- _WORK ITEM_:
Copy down the listing below exactly, please, including every line.
***** RECORD EXTRACTS *****
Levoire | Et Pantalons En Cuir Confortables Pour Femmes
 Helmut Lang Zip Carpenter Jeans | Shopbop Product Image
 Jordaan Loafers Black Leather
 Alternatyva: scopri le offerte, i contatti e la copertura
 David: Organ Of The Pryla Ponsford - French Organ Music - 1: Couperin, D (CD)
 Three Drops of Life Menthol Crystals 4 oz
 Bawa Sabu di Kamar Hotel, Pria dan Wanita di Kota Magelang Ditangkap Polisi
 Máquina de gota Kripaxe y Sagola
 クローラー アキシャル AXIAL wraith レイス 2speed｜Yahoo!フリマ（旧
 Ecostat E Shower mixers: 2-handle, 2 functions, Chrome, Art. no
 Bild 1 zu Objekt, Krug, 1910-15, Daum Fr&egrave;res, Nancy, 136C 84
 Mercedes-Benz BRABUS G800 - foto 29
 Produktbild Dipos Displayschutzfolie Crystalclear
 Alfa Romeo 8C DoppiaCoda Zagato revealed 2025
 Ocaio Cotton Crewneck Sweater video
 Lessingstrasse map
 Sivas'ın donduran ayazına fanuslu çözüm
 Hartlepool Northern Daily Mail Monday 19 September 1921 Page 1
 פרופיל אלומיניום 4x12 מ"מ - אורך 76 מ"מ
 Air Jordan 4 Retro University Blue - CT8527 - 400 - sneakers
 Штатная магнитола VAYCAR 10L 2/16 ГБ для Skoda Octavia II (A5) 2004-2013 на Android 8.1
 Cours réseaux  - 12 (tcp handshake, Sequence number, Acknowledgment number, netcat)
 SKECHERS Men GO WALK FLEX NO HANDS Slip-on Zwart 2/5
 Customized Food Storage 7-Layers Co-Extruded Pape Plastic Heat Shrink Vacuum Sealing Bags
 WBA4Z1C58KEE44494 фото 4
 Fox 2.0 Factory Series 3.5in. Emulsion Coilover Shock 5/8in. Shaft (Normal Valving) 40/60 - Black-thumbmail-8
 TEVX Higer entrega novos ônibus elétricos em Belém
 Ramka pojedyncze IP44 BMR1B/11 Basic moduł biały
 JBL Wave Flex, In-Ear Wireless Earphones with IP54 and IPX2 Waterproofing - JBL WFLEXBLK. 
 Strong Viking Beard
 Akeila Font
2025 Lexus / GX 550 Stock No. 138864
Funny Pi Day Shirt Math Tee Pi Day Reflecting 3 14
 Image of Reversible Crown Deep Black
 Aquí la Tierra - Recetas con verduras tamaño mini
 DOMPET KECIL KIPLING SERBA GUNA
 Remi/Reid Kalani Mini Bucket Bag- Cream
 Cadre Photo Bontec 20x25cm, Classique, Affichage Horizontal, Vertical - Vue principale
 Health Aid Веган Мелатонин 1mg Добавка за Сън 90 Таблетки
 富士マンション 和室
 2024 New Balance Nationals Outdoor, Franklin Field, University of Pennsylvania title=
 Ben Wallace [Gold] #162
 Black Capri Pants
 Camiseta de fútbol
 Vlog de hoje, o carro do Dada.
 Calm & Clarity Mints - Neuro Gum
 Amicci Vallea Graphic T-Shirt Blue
*****
- _RESPONSE TO THE EXERCISE_:
Levoire | Et Pantalons En Cuir Confortables Pour Femmes
 Helmut Lang Zip Carpenter Jeans | Shopbop Product Image
 Jordaan Loafers Black Leather
 Alternatyva: scopri le offerte, i contatti e la copertura
 David: Organ Of The Pryla Ponsford - French Organ Music - 1: Couperin, D (CD)
 Three Drops of Life Menthol Crystals 4 oz
 Bawa Sabu di Kamar Hotel, Pria dan Wanita di Kota Magelang Ditangkap Polisi
 Máquina de gota Kripaxe y Sagola
 クローラー アキシャル AXIAL wraith レイス 2speed｜Yahoo!フリマ（旧
 Ecostat E Shower mixers: 2-handle, 2 functions, Chrome, Art. no
 Bild 1 zu Objekt, Krug, 1910-15, Daum Fr&egrave;res, Nancy, 136C 84
 Mercedes-Benz BRABUS G800 - foto 29
 Produktbild Dipos Displayschutzfolie Crystalclear
 Alfa Romeo 8C DoppiaCoda Zagato revealed 2025
 Ocaio Cotton Crewneck Sweater video
 Lessingstrasse map
 Sivas'ın donduran ayazına fanuslu çözüm
 Hartlepool Northern Daily Mail Monday 19 September 1921 Page 1
 פרופיל אלומיניום 4x12 מ"מ - אורך 76 מ"מ
 Air Jordan 4 Retro University Blue - CT8527 - 400 - sneakers
 Штатная магнитола VAYCAR 10L 2/16 ГБ для Skoda Octavia II (A5) 2004-2013 на Android 8.1
 Cours réseaux  - 12 (tcp handshake, Sequence number, Acknowledgment number, netcat)
 SKECHERS Men GO WALK FLEX NO HANDS Slip-on Zwart 2/5
 Customized Food Storage 7-Layers Co-Extruded Pape Plastic Heat Shrink Vacuum Sealing Bags
 WBA4Z1C58KEE44494 фото 4
 Fox 2.0 Factory Series 3.5in. Emulsion Coilover Shock 5/8in. Shaft (Normal Valving) 40/60 - Black-thumbmail-8
 TEVX Higer entrega novos ônibus elétricos em Belém
 Ramka pojedyncze IP44 BMR1B/11 Basic moduł biały
 JBL Wave Flex, In-Ear Wireless Earphones with IP54 and IPX2 Waterproofing - JBL WFLEXBLK. 
 Strong Viking Beard
 Akeila Font
2025 Lexus / GX 550 Stock No. 138864
Funny Pi Day Shirt Math Tee Pi Day Reflecting 3 14
 Image of Reversible Crown Deep Black
 Aquí la Tierra - Recetas con verduras tamaño mini
 DOMPET KECIL KIPLING SERBA GUNA
 Remi/Reid Kalani Mini Bucket Bag- Cream
 Cadre Photo Bontec 20x25cm, Classique, Affichage Horizontal, Vertical - Vue principale
 Health Aid Веган Мелатонин 1mg Добавка за Сън 90 Таблетки
 富士マンション 和室
 2024 New Balance Nationals Outdoor, Franklin Field, University of Pennsylvania title=
 Ben Wallace [Gold] #162
 Black Capri Pants
 Camiseta de fútbol
 Vlog de hoje, o carro do Dada.
 Calm & Clarity Mints - Neuro Gum
 Amicci Vallea Graphic T-Shirt Blue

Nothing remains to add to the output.